[Short web captions]
★ ★ ★ ★ ★ ★ ★
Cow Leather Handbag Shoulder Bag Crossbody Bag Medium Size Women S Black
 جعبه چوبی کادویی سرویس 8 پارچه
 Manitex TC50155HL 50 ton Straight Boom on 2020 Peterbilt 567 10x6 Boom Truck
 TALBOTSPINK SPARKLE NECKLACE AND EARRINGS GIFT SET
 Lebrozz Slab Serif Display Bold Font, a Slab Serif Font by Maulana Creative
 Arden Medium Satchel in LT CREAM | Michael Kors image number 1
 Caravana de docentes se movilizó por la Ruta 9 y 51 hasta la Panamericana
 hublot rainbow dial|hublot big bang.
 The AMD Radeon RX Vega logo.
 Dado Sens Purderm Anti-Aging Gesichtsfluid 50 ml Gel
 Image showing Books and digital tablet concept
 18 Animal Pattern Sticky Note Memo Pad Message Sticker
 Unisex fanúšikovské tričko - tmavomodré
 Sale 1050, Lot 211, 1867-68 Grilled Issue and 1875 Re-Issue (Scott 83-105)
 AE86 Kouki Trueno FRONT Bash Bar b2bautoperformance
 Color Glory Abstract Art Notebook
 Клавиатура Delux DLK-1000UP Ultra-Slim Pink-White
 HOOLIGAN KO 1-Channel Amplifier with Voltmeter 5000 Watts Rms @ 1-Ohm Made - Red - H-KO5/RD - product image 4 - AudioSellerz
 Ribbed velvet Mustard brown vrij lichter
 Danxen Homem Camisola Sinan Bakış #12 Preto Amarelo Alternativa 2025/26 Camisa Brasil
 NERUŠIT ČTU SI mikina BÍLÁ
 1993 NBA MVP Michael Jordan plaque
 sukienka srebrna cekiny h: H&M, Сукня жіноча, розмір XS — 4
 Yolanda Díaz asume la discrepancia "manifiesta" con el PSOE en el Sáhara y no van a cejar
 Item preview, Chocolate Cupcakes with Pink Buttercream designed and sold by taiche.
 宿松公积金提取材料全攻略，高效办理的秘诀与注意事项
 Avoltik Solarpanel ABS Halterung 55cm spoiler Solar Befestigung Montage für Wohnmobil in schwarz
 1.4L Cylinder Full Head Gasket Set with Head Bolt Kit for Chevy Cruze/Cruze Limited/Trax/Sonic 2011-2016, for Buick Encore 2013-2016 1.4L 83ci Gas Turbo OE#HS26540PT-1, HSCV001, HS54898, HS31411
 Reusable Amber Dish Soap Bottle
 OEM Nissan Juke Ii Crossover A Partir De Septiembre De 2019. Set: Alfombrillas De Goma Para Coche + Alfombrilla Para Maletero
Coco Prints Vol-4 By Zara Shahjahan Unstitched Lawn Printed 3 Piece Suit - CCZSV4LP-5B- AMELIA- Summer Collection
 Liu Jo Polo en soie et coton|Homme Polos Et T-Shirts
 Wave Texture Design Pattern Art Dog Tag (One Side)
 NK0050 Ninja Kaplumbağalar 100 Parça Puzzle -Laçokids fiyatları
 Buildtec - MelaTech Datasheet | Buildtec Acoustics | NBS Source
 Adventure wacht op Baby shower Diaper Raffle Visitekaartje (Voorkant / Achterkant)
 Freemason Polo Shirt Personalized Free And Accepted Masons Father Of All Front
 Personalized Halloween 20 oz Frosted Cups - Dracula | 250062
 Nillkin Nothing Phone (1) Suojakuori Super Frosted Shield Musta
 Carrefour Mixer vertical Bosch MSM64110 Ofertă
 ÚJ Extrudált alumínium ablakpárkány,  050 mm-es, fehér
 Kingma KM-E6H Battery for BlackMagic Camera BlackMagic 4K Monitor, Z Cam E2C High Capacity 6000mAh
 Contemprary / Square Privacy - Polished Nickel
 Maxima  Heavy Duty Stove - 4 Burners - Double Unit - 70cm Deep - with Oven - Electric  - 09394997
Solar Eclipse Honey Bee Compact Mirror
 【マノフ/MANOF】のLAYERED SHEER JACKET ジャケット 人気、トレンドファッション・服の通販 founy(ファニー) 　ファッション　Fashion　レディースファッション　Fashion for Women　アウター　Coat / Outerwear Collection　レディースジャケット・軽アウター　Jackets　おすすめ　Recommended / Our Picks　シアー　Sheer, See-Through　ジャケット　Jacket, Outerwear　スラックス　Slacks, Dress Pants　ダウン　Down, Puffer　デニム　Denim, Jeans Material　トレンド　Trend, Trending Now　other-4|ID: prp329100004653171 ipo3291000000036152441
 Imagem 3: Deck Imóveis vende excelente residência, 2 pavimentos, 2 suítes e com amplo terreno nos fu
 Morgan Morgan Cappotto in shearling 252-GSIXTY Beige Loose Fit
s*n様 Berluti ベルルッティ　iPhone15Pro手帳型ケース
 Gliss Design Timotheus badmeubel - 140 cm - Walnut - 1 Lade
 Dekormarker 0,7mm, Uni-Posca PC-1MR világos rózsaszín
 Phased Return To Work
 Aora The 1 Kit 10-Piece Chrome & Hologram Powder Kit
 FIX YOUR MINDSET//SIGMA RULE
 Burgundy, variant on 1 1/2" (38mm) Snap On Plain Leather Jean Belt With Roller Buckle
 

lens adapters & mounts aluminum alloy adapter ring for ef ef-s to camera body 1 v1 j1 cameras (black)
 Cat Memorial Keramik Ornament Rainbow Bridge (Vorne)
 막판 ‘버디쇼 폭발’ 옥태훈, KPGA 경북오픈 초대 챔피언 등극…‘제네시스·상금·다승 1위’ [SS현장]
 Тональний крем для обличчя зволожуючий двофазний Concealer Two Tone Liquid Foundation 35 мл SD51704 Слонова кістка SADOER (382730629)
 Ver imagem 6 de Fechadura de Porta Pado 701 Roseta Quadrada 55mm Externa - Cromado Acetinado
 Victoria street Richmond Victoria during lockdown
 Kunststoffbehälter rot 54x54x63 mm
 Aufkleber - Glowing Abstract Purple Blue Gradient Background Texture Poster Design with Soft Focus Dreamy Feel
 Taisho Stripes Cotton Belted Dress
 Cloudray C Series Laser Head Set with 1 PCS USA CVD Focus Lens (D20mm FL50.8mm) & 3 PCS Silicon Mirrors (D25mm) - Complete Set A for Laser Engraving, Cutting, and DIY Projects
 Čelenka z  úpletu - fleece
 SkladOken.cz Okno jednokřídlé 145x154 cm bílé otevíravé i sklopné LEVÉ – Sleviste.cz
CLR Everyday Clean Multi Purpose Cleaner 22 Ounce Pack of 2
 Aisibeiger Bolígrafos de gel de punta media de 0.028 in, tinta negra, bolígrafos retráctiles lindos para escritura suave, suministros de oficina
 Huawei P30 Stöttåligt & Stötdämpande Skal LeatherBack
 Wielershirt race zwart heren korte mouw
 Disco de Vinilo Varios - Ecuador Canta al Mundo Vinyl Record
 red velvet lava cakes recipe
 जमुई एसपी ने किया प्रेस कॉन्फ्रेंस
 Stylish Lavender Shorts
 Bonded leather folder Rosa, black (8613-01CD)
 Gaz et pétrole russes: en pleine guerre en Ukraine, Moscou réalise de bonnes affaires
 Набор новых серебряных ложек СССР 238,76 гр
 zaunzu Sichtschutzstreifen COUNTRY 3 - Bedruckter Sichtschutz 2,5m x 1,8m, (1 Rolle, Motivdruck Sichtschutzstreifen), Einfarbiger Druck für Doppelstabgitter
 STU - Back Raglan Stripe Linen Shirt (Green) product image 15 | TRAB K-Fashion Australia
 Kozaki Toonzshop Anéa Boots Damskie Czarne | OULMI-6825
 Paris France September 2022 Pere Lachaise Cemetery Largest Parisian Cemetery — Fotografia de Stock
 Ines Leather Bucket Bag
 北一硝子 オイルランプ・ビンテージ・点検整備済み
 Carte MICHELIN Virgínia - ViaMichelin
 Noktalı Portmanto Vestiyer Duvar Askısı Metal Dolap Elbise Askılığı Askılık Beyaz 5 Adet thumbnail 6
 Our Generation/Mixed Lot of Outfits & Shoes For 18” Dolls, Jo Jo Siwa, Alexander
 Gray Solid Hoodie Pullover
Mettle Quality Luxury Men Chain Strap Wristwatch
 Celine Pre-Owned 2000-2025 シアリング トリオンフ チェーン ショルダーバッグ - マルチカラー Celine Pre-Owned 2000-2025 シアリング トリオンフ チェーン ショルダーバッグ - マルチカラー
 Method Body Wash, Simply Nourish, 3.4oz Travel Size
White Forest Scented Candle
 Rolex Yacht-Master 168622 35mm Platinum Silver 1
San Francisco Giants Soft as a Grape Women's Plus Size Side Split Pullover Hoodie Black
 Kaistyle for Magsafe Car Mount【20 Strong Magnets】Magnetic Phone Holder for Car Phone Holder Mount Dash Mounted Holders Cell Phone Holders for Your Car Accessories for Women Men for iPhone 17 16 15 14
★ ★ ★ ★ ★ ★ ★
Could you restate, word for word, the lines above from the one with "Gaz et pétrole" to the one with "Carte MICHELIN Virgínia - ViaMichelin", both included?

 Gaz et pétrole russes: en pleine guerre en Ukraine, Moscou réalise de bonnes affaires
 Набор новых серебряных ложек СССР 238,76 гр
 zaunzu Sichtschutzstreifen COUNTRY 3 - Bedruckter Sichtschutz 2,5m x 1,8m, (1 Rolle, Motivdruck Sichtschutzstreifen), Einfarbiger Druck für Doppelstabgitter
 STU - Back Raglan Stripe Linen Shirt (Green) product image 15 | TRAB K-Fashion Australia
 Kozaki Toonzshop Anéa Boots Damskie Czarne | OULMI-6825
 Paris France September 2022 Pere Lachaise Cemetery Largest Parisian Cemetery — Fotografia de Stock
 Ines Leather Bucket Bag
 北一硝子 オイルランプ・ビンテージ・点検整備済み
 Carte MICHELIN Virgínia - ViaMichelin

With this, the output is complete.